By Stephen Nagy, March 11, 2022

This week an increasing number of prominent businesses have announced partial or full halts to business operations in Russia.

The businesses include McDonald’s, Apple, Netflix, Shell, Visa, MasterCard and Disney among others. This self-restraint is meant to put pressure on Russia and its very unpopular invasion of Ukraine by inflicting economic damage on Russia, President Vladimir Putin and his supporters.

The results have been notable. The economic fallout is causing Russia’s economy to contract and it’s a currency to devalue.

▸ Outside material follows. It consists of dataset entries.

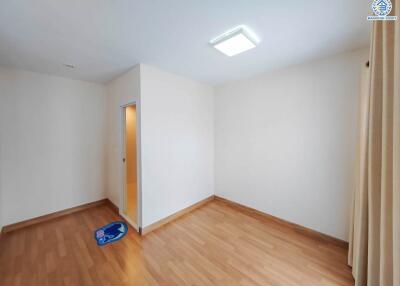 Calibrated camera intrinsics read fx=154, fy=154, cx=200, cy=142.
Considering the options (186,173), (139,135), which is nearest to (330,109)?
(186,173)

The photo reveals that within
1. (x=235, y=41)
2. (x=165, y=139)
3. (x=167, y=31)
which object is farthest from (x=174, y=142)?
(x=235, y=41)

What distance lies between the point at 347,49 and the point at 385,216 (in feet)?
6.87

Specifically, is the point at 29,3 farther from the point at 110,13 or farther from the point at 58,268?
the point at 58,268

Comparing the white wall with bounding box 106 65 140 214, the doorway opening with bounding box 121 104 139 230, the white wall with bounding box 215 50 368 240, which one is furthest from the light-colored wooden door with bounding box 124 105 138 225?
the white wall with bounding box 215 50 368 240

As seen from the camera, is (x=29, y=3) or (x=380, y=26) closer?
(x=380, y=26)

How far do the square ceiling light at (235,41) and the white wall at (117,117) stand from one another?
1.29 metres

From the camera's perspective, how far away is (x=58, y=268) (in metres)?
1.77

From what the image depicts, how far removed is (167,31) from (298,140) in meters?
2.36

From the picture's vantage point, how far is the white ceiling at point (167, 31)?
129 centimetres

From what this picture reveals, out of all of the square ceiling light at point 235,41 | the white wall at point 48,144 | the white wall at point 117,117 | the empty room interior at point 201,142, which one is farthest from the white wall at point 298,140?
the white wall at point 48,144

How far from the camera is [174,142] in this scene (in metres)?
2.84

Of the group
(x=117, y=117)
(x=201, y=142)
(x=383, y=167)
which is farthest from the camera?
(x=201, y=142)

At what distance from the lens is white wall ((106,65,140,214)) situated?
98.0 inches

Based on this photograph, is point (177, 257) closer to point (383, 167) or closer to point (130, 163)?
point (383, 167) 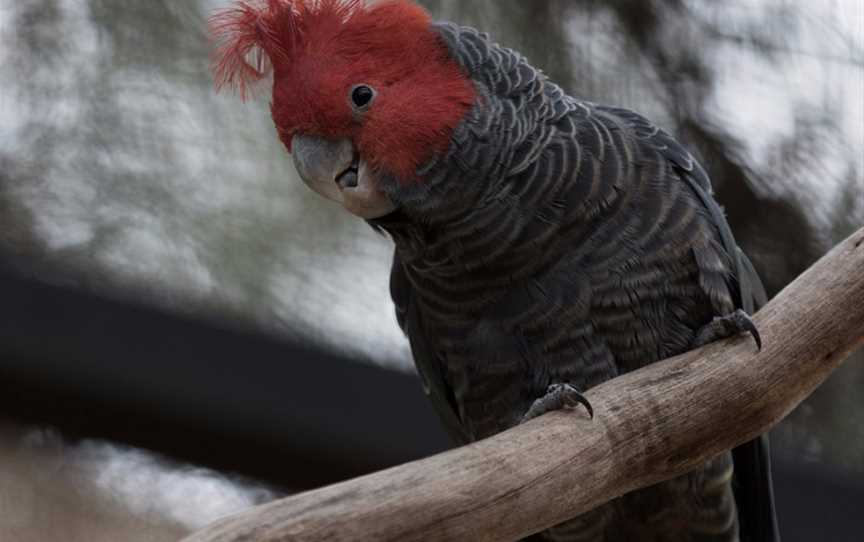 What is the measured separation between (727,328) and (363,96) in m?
1.04

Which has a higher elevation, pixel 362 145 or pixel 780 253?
pixel 362 145

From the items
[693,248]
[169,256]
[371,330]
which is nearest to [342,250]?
[371,330]

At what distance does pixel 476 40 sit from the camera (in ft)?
9.44

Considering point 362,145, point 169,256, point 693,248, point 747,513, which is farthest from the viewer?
point 169,256

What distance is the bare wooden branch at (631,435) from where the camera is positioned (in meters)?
1.95

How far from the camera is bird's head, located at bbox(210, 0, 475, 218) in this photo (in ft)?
8.68

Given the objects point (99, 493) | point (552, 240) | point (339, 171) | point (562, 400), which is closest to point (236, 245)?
point (99, 493)

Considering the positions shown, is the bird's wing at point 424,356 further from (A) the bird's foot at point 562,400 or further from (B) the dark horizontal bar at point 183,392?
(A) the bird's foot at point 562,400

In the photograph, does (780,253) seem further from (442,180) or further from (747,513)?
(442,180)

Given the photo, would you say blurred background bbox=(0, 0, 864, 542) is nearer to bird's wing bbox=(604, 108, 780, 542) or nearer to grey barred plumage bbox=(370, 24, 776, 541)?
bird's wing bbox=(604, 108, 780, 542)

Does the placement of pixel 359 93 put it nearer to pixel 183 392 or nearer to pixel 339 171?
pixel 339 171

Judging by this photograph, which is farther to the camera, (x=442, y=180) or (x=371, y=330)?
(x=371, y=330)

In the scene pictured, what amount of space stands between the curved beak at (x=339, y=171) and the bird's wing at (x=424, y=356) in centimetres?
46

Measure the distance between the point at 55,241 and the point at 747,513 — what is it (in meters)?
2.40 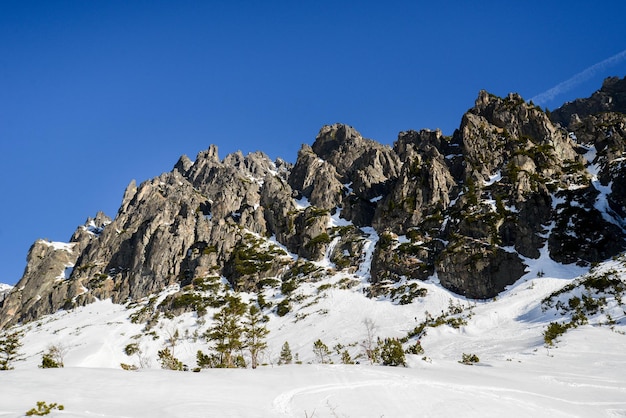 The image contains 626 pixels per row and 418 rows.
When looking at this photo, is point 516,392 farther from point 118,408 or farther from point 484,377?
point 118,408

Systematically, Russia is being cut off from the outside world.

Whether these business pull-outs, alongside the removal of numerous Russian banks from the SWIFT system, the banning of Russian airlines flying over Europe, the confiscation of oligarchs’ so-called super yachts and other overseas assets will have an impact on President Putin and the Kremlin’s calculus for its invasion of Ukraine is yet to be seen.

The financial and business pressures on Russia raise interesting and inconvenient questions about why businesses have not done something similar to China.

Beijing has detained more than a million Uyghurs in re-education camps. It abrogated the 1984 Sino-British Joint Declaration by imposing the National Security Law in Hong Kong. This has destroyed Hong Kong’s civil society, freedom of press, rule-of-law and the one-Country/two systems’ model. This has occurred at the same time as bellicose rhetoric and actions toward Taiwan and the building and militarizing of artificial islands in the South China Sea has occurred unimpeded.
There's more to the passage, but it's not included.